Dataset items
------------------------------------------------------------

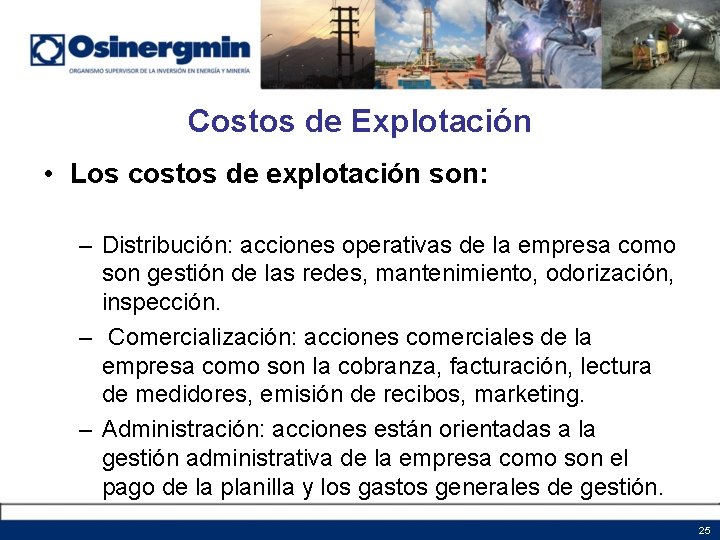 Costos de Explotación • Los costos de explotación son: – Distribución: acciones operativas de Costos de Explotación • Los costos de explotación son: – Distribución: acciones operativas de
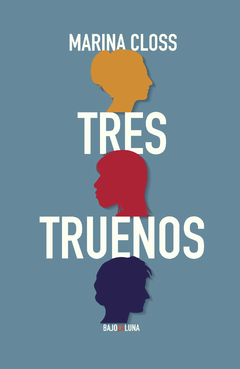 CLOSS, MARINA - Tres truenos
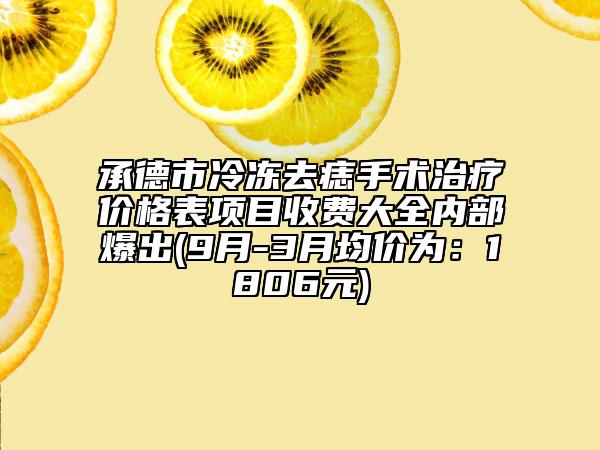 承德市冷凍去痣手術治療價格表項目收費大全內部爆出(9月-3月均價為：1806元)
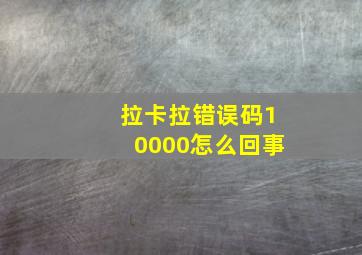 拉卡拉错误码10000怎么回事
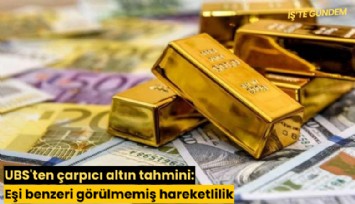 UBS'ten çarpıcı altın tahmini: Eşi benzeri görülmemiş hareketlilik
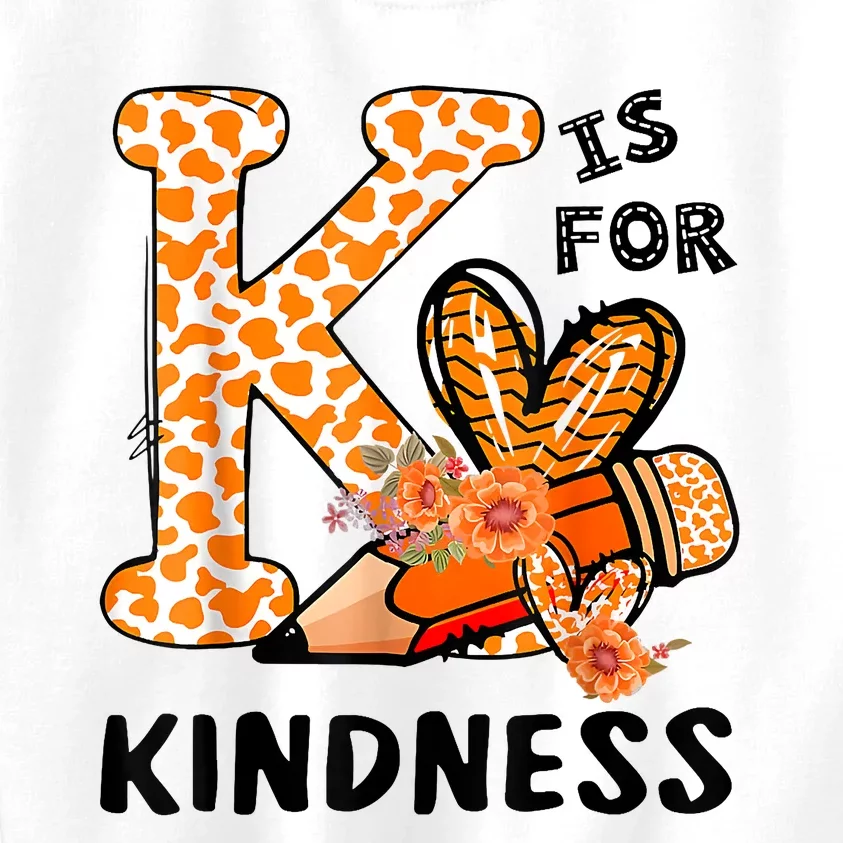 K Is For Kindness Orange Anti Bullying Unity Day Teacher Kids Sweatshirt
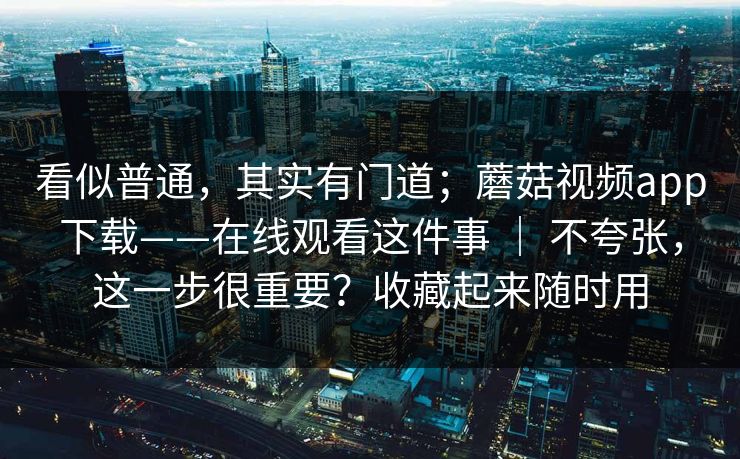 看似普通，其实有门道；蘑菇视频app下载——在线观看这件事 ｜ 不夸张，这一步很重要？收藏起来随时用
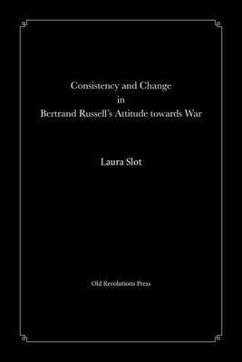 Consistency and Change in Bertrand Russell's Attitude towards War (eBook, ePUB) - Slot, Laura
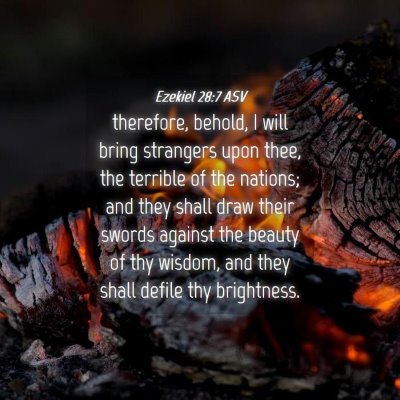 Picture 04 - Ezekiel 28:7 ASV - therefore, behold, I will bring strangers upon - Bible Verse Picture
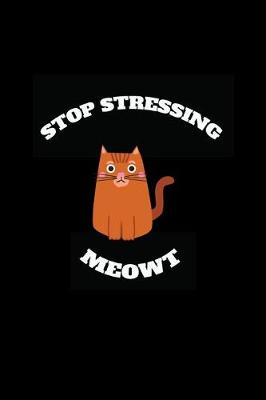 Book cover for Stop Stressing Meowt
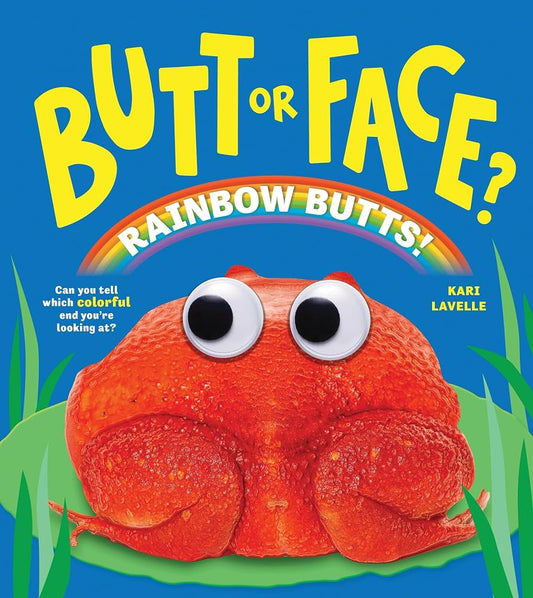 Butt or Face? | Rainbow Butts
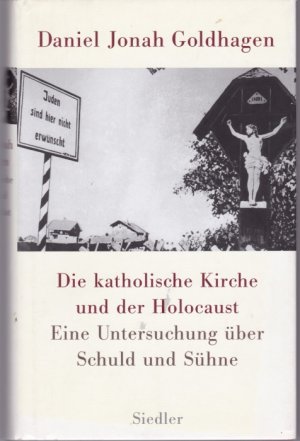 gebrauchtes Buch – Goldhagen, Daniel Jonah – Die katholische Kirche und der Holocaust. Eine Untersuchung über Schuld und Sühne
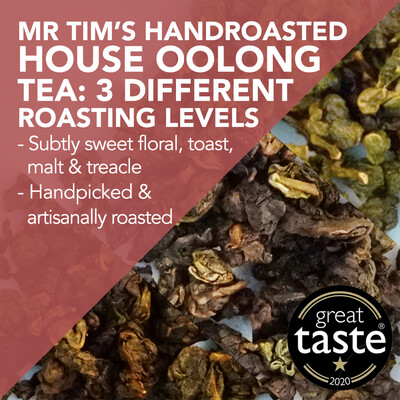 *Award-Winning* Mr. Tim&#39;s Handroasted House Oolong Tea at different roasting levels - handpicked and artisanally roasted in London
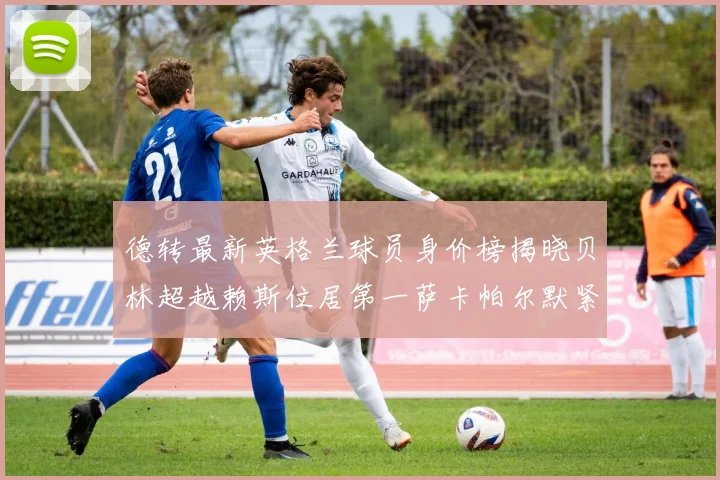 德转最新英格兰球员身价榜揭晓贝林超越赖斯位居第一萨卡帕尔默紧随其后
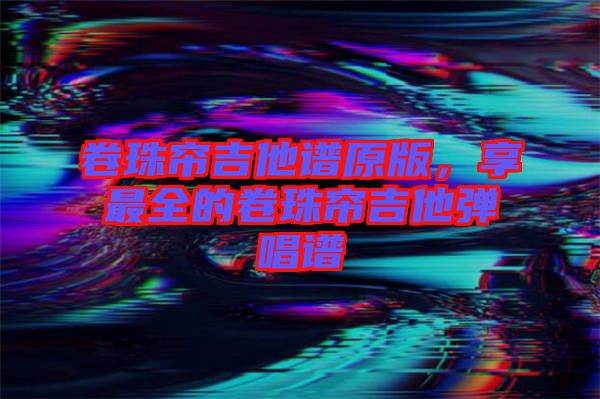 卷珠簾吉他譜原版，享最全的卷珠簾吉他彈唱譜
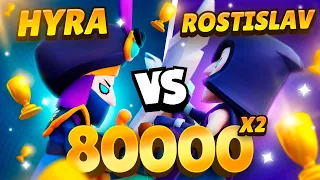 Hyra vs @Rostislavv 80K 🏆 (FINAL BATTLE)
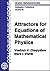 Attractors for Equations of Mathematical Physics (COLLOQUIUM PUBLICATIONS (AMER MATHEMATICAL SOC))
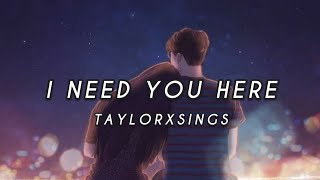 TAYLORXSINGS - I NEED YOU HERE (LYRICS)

------------------------------------------------------------

§ **WHAT YOU SHOULD DO**: Please give a word-for-word transcript of the lines from the one holding "德转最新英格兰球员身价榜揭晓贝林超越赖斯位居第一萨卡帕尔默紧随其后" through the final line of the entries, both ends kept, with no pictures.

§ **SOLUTION FOR THIS EXERCISE**:
 德转最新英格兰球员身价榜揭晓贝林超越赖斯位居第一萨卡帕尔默紧随其后
 卷珠簾吉他譜原版，享最全的卷珠簾吉他彈唱譜
 Hyra vs @Rostislavv 80K 🏆 (FINAL BATTLE)
 Attractors for Equations of Mathematical Physics (COLLOQUIUM PUBLICATIONS (AMER MATHEMATICAL SOC))
 TAYLORXSINGS - I NEED YOU HERE (LYRICS)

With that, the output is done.